I used to collect 16mm prints. Passionately. But I love dvd, I love its freedom, I love that it’s possible to have superb contrast, color, sound, proper aspect ratio, subtitles you can turn on and off, and the easy availability of everything, even of missing footage and alternate takes! And you can repeat things and jump from place to place! What one had to go through just to get to see a movie once, before dvds, now seems like communication before the telephone.

»Film restoration«, a few years ago, meant spending lots of money to create a dupe that was grossly inferior in photographic quality to the original, and which would only be seen by tiny audiences in major film archive -- as occurred with Ford’s Hell Bent (1918) which, though free from copyright, no one can see because prints are held by archives hostile to video. In contrast, a really glorious digital restoration by France’s CNC of Ford’s Bucking Broadway (1917) is now available to everyone all over the world on dvd or online. And with digital restoration one can improve the original – remove scratches, replace damaged frames, correct contrast and color. For a movie lover, there’s been no better time to be alive – with all due respect to those who claim that only nitrate is worth watching.

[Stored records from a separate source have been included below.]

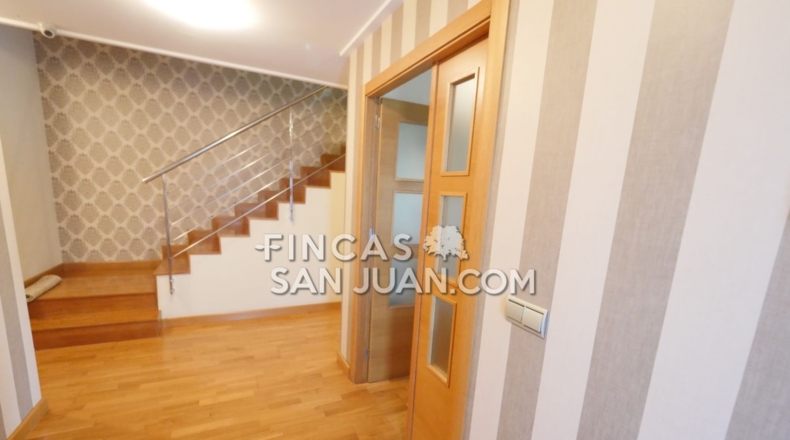 Alicante - Orihuela - 400m2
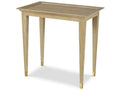 Century Furniture Maison '47 Side Table - Blonde Cerused 89A-625-V1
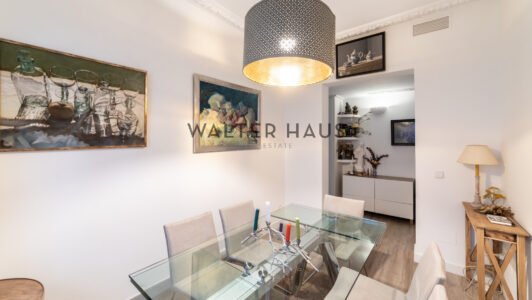 52A82844621-4.jpg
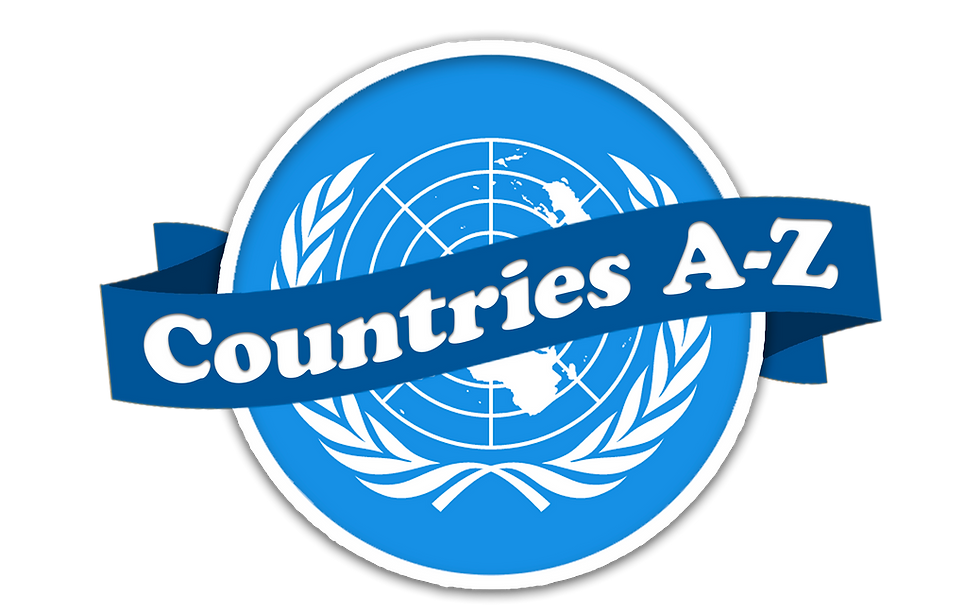 Flag Icon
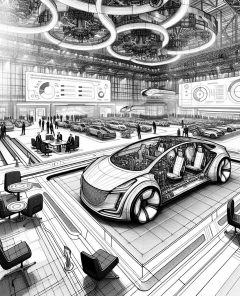 ai-automobile-technology-innovation
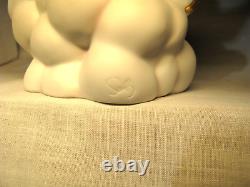Precious Moments Heaven's Grace Series Hope Is A Gentle Melody 112967 Excellent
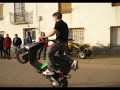 concentracion villademor de la vega�07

Do you have a specific approach towards repetition?

Audiences want to be entertained by movies. There’s a passivity they prefer. They want a narrative whose style to them is transparent. Thus they overwhelmingly prefer new movies to old ones, because with old movies they perceive the artifice, whereas new movies seem »realistic« because they don’t perceive the artifice.

But part of the job of a critic is precisely to make conscious the artifice, and use that consciousness to plunge people more deeply into the fiction, thus making a movie experience more active and less passive.

Thus still frames are useful first of all because people realise they’re looking at a picture, like at a painting, and because they can see how composition prompts the feelings they have, watching the movie. And more emotion happens with motion and in the rhythms of montage. So it is useful to repeat a motion, or a matching of two shots to point out that they match, and how. At times producers have wanted to delete my repeated shots, because they didn’t get the point of my repeating them, which is my fault. But I don’t want to be saying, »Look at this!« »Isn’t this beautiful!« One has to find a happy midpoint between instructing people so much that they don’t discover things for themselves, and telling them so little that they don’t see anything. Ideally, one doesn’t want to seem to be lecturing.

So I don’t want my words to come between you and the movie. And the clearer my own ideas are, the fewer words I need. On paper, three paragraphs might make a point. On video, three words are better.

Also it is important to entertain. The best advice I ever heard about making movies is something Francis Ford said in 1915: »Keep the audience glad they’re seeing the picture.« The same is true of writing. I use to drive students crazy, demanding that their papers entertain me. No one had ever said that to them. Yet one would hope it would be a priority in academia. It used to be so, for thousands of years.

My audience has lots of people who don’t know what a »shot« is, let alone rhyming camera angles or cuts across the axis. My job is to make such things self-explanatory with the least digression into explanation. I want to keep my »story« going.

One tries to avoid jargon because, if one wants to be clear, terms like »narrative«, »genre«, »myth«, »realistic« are vague, rather like film critics who tell you there’s »good acting« without ever giving you a hint of what they’re talking about.